# Problem description
Nothing but the lines below from the one holding "Alright, welcome back" up to and including the one holding "Hi guys, it's" should be copied, exactly and without pictures.
(Supplied material begins)
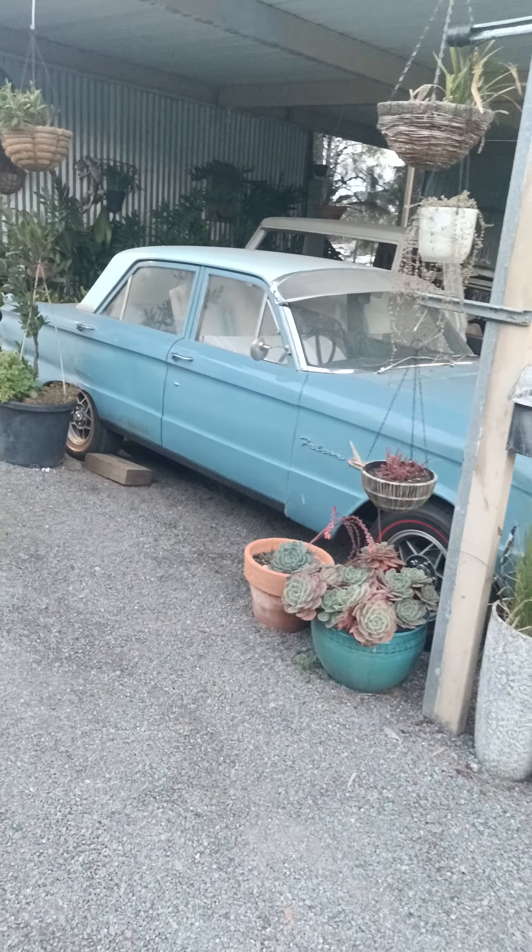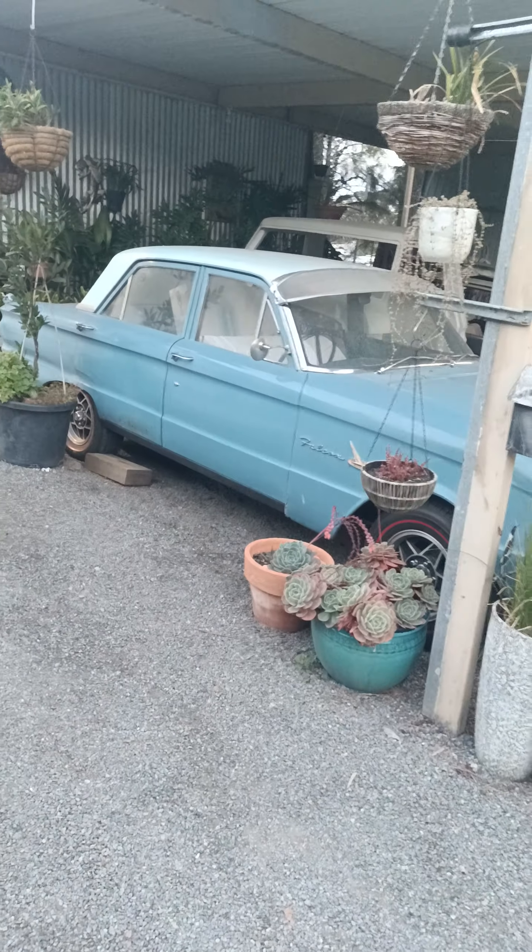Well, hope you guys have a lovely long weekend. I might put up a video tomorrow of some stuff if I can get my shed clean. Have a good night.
(Supplied material ends)
(Supplied material begins)
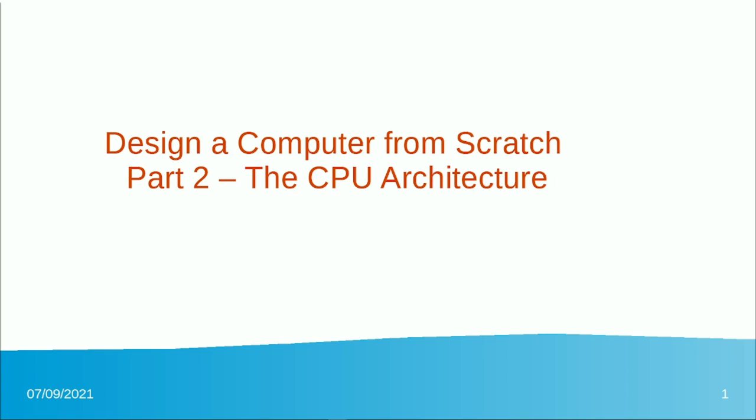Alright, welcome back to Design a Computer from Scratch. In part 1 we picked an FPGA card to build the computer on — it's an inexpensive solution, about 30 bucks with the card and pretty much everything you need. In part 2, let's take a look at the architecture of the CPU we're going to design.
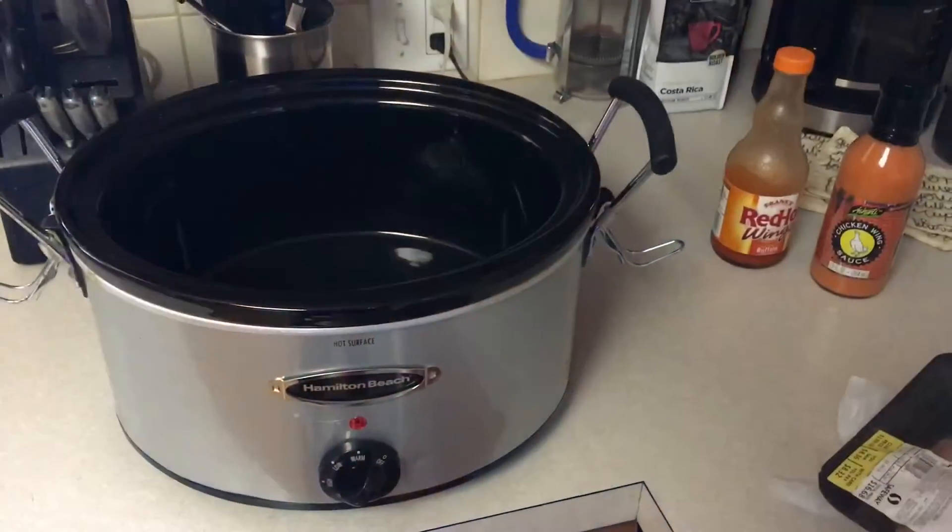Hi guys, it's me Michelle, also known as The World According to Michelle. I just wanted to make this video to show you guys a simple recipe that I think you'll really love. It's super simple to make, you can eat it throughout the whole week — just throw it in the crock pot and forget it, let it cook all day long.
(Supplied material ends)
# Exercise output
Alright, welcome back to Design a Computer from Scratch. In part 1 we picked an FPGA card to build the computer on — it's an inexpensive solution, about 30 bucks with the card and pretty much everything you need. In part 2, let's take a look at the architecture of the CPU we're going to design.
Hi guys, it's me Michelle, also known as The World According to Michelle. I just wanted to make this video to show you guys a simple recipe that I think you'll really love. It's super simple to make, you can eat it throughout the whole week — just throw it in the crock pot and forget it, let it cook all day long.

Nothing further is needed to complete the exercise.